В указанном деле Конституционный суд РФ сослался и на практику ЕСПЧ, указав, что конституционный принцип правового государства, из которого вытекают конкретные требования, рекомендации и запреты в отношении определенных действий органов государства, не позволяет федеральному законодателю устанавливать правовое регулирование таким образом, чтобы возможный запрет на регистрацию по месту фактического проживания приводил к чрезмерному ограничению права граждан на выбор места жительства и понуждал их к нарушению закона. Аналогичной позиции придерживается Европейский Суд по правам человека, полагающий, что никакие публичные интересы не могут служить оправданием такой системы регистрации, при которой официальная регистрация по постоянному месту жительства не соответствует фактическому месту проживания (Постановление от 20 июня 2006 г. по делу «Бабилонова (Babylonova) против Словакии»).

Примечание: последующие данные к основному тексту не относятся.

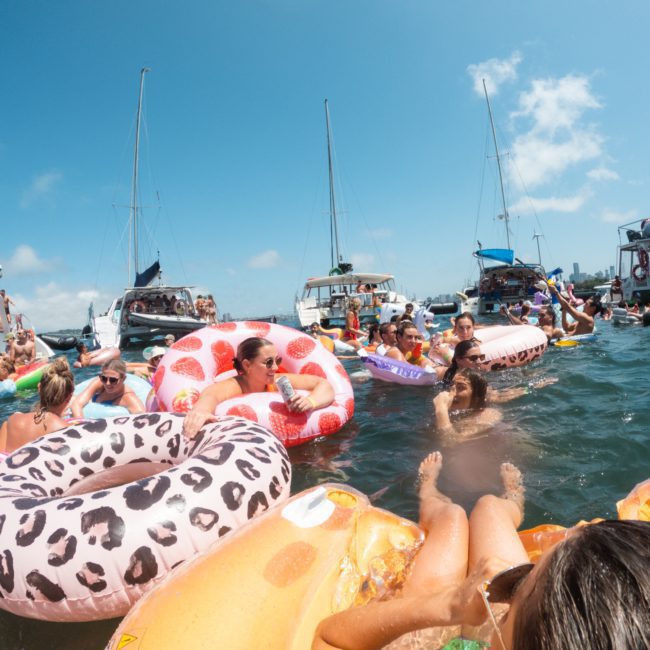 People on inflatable floats in the water surrounded by boats under a sunny sky, enjoying a Sydney boat party hire experience.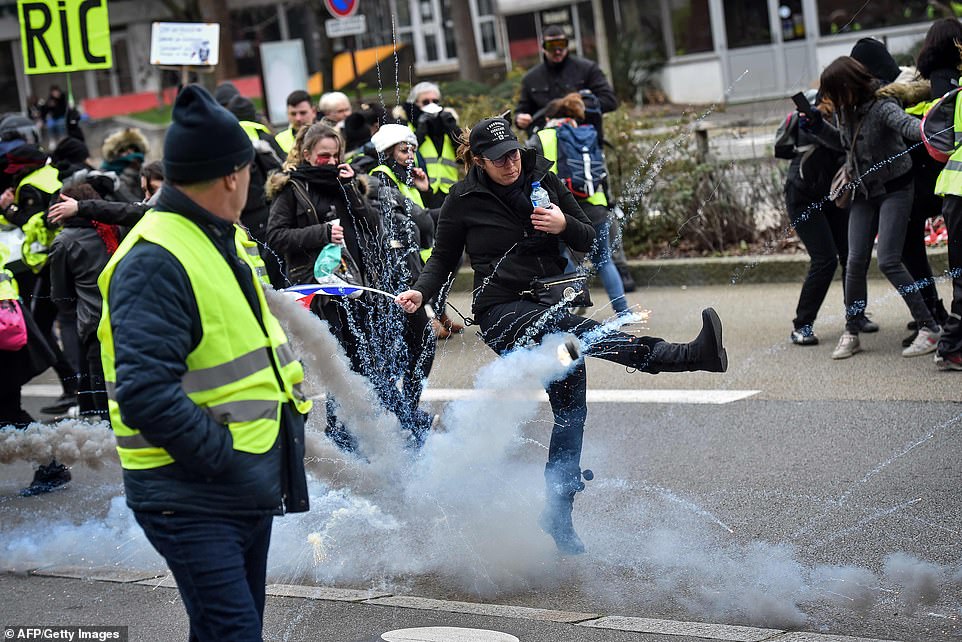 A yellow vest anti-government protester kicks a teargas shell during a rally in Nantes today. Teargas and batons were used by riot police on a so-called ‘Act VIII’ Day of Rage organised by the Yellow Vest movement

Отказ в регистрации гражданина по месту своего фактического жительства, где у него имеется единственное жилое помещение, затрудняет согласно позиции КС РФ реализацию гражданами права на жилище и права частной собственности. Признавая положения федерального закона неконституционными в части невозможности регистрации гражданина по месту своего фактического проживания, Конституционный Суд РФ тем не менее сделал важный вывод, связанный с конфликтом целевого назначения земельного участка (права собственности на земельный участок) и назначения расположенного на нем строения, как жилого (право на уважение жилища). В Постановлении КС РФ указано, что вместе с тем собственникам таких земельных участков следует учитывать, что регистрация по месту жительства в расположенных на них пригодных для постоянного проживания жилых строениях не приводит к приобретению соответствующей территорией статуса населенного пункта и, следовательно, не возлагает на органы публичной власти обязанности по ее благоустройству, созданию и поддержанию коммунальной, транспортной и иных инфраструктур, за исключением решения вопросов, непосредственно связанных с осуществлением основных прав и свобод человека и гражданина. Поэтому, выбирая в качестве места жительства жилое строение, расположенное на земельном участке, отнесенном к землям сельскохозяйственного назначения, граждане должны осознанно принимать и те возможные неудобства, которые являются следствием проживания вне территории населенных пунктов.
Указанный вывод Конституционного суда РФ, обеспечивший защиту права на уважение жилища, должен быть особо учитываем при регулировании публичного компонента правового режима земельных участков и оказываемое значение целевого их назначения на расположенные на участках строения. Это связано с развитием понятия достаточного жилища, а также придания самостоятельного и даже приоритетного значения праву на уважение жилища по сравнению с правом на уважение собственности.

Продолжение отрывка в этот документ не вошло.